#### Description of the task:
Repeat the lines of the material below exactly, beginning at the one with "this 640×480 image." and stopping after the last.

#### Information supplied:
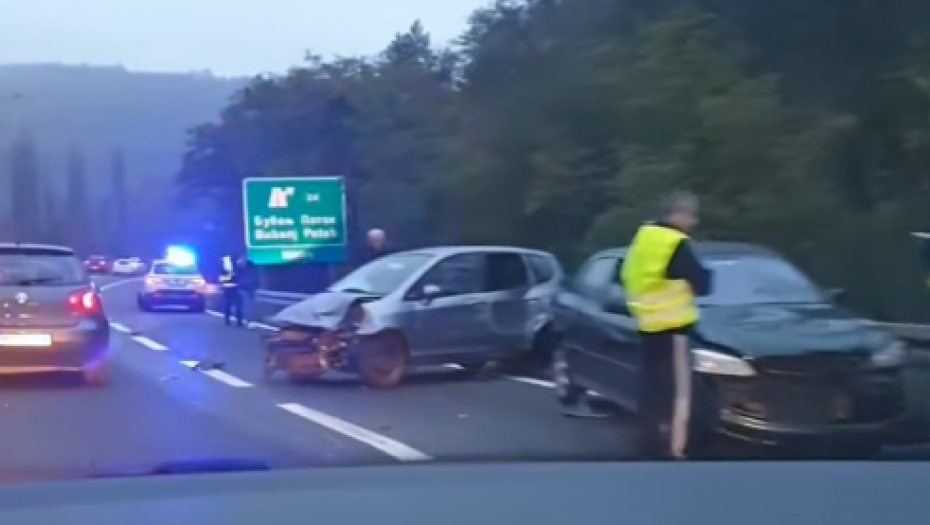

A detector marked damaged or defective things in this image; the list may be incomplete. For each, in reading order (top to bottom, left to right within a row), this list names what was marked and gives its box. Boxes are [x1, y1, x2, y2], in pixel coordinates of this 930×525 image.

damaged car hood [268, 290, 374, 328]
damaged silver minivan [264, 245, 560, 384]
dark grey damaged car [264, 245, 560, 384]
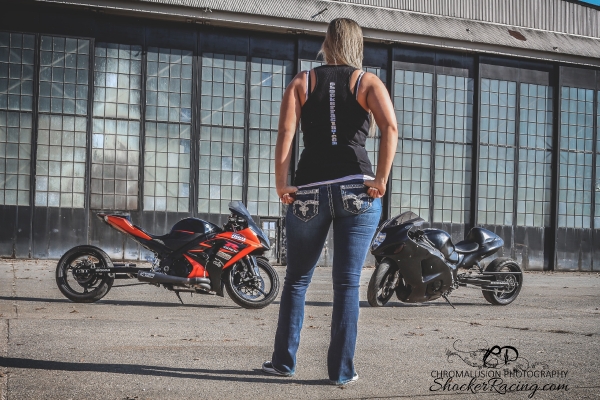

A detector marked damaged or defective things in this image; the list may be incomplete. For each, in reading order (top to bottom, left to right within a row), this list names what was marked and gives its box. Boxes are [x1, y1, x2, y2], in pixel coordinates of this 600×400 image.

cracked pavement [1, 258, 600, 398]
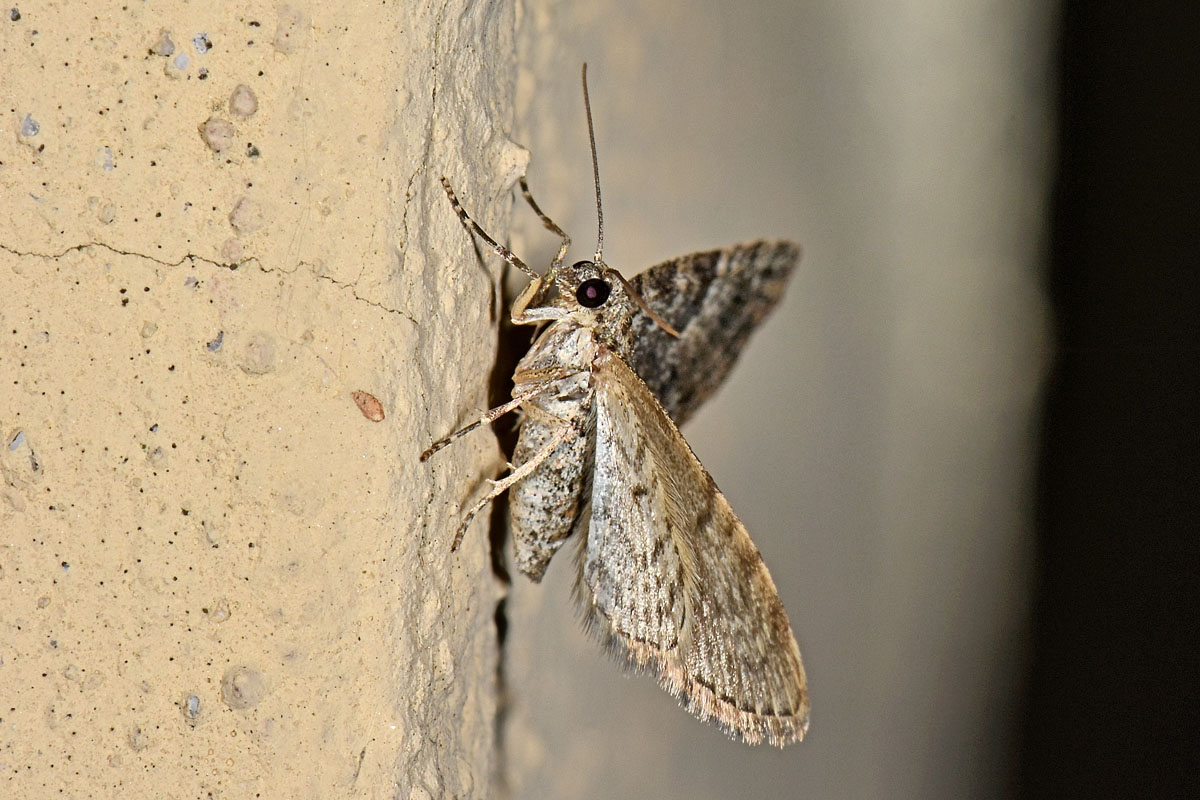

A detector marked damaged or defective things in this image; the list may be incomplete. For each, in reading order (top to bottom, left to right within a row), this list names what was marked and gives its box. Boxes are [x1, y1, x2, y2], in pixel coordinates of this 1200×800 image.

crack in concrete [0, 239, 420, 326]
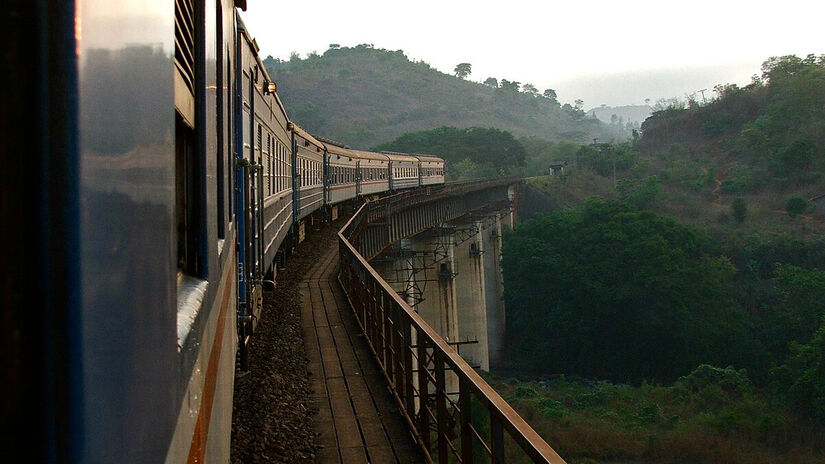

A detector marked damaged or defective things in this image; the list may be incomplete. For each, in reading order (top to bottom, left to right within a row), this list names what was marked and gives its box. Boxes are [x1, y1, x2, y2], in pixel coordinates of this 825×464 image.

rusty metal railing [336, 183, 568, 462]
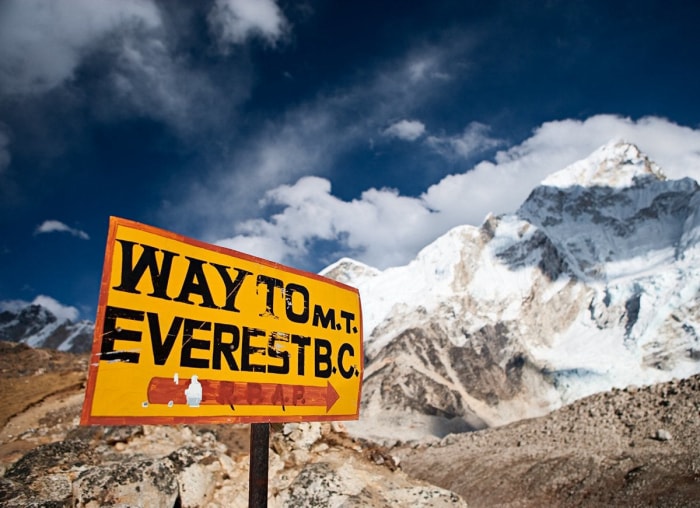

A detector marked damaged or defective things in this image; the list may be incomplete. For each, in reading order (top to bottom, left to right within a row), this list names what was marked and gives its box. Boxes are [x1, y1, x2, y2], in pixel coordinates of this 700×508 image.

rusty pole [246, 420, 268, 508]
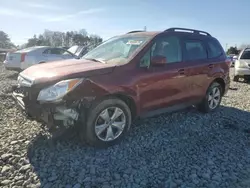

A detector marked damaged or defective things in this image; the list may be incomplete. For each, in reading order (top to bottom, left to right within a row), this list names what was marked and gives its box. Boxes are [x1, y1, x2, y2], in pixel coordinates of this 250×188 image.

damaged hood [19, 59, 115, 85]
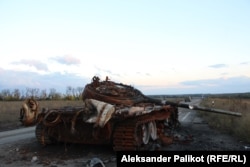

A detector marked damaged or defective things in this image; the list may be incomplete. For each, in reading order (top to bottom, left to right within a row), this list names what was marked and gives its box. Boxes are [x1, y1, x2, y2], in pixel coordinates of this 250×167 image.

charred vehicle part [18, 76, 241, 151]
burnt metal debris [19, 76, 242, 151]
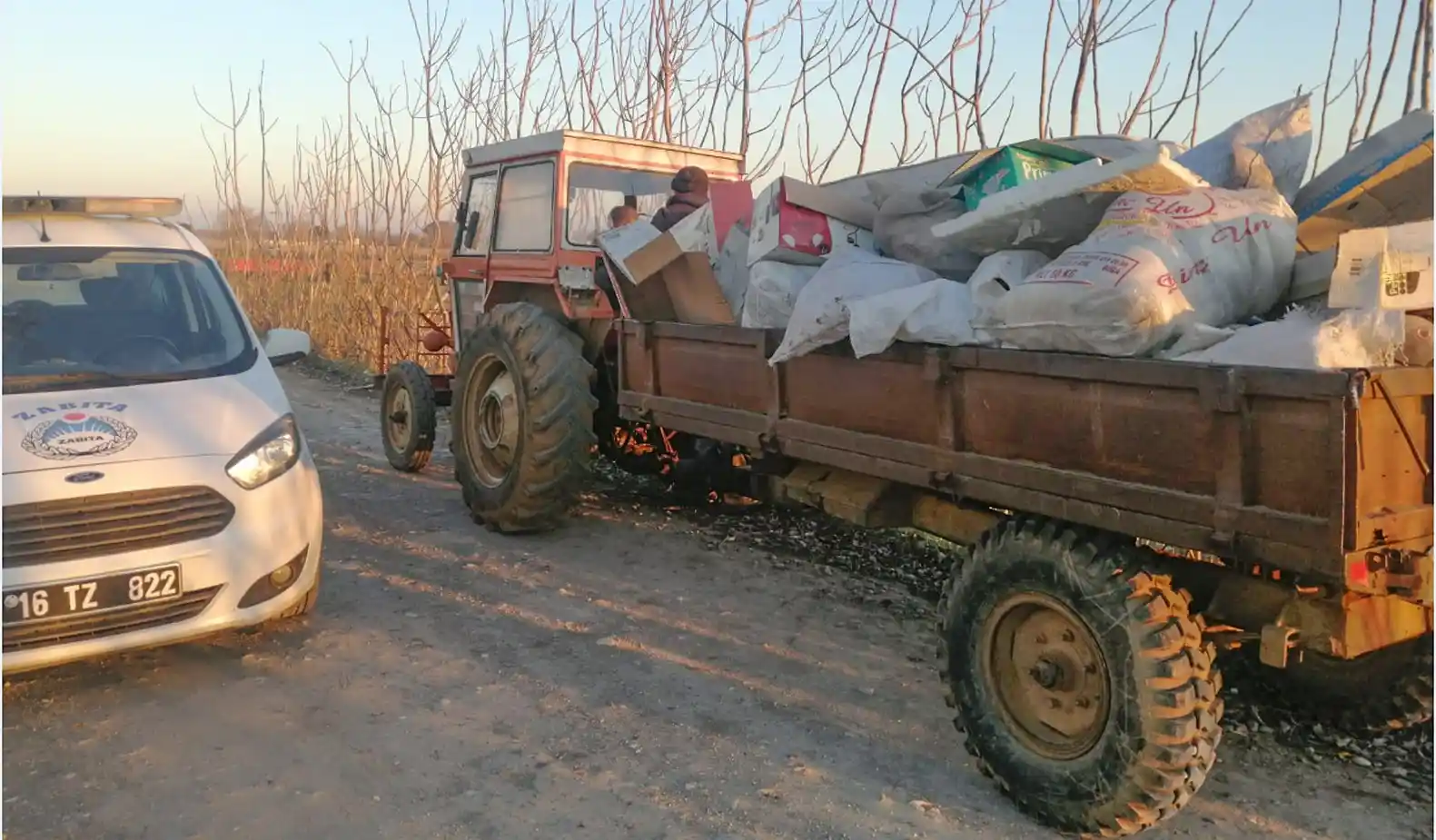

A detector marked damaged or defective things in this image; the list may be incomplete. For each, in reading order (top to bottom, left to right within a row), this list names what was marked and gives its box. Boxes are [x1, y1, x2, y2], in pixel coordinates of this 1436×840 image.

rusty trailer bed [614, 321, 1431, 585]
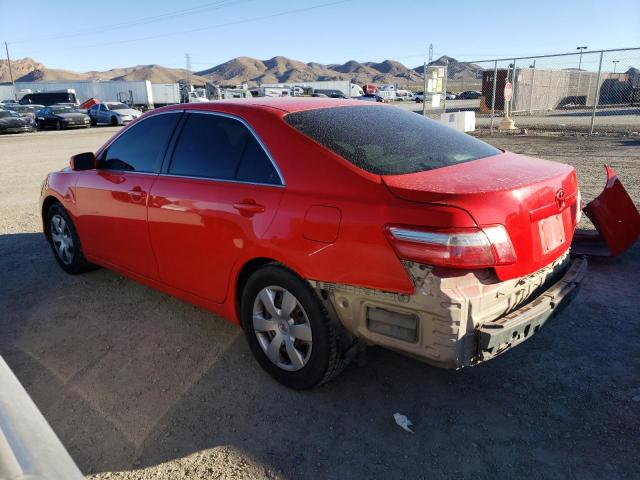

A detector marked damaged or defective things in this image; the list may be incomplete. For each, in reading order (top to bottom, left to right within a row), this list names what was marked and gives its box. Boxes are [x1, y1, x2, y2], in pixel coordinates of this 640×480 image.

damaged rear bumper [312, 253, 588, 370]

#### Output for this exercise:
A detector marked damaged or defective things in this image; the list may be incomplete. For each, in reading order (top to bottom, left to right within a row), this list names what was marked and gives its box. Boxes are [x1, y1, x2, y2], in pixel coordinates of this 640×480 image.

damaged rear bumper [312, 253, 588, 370]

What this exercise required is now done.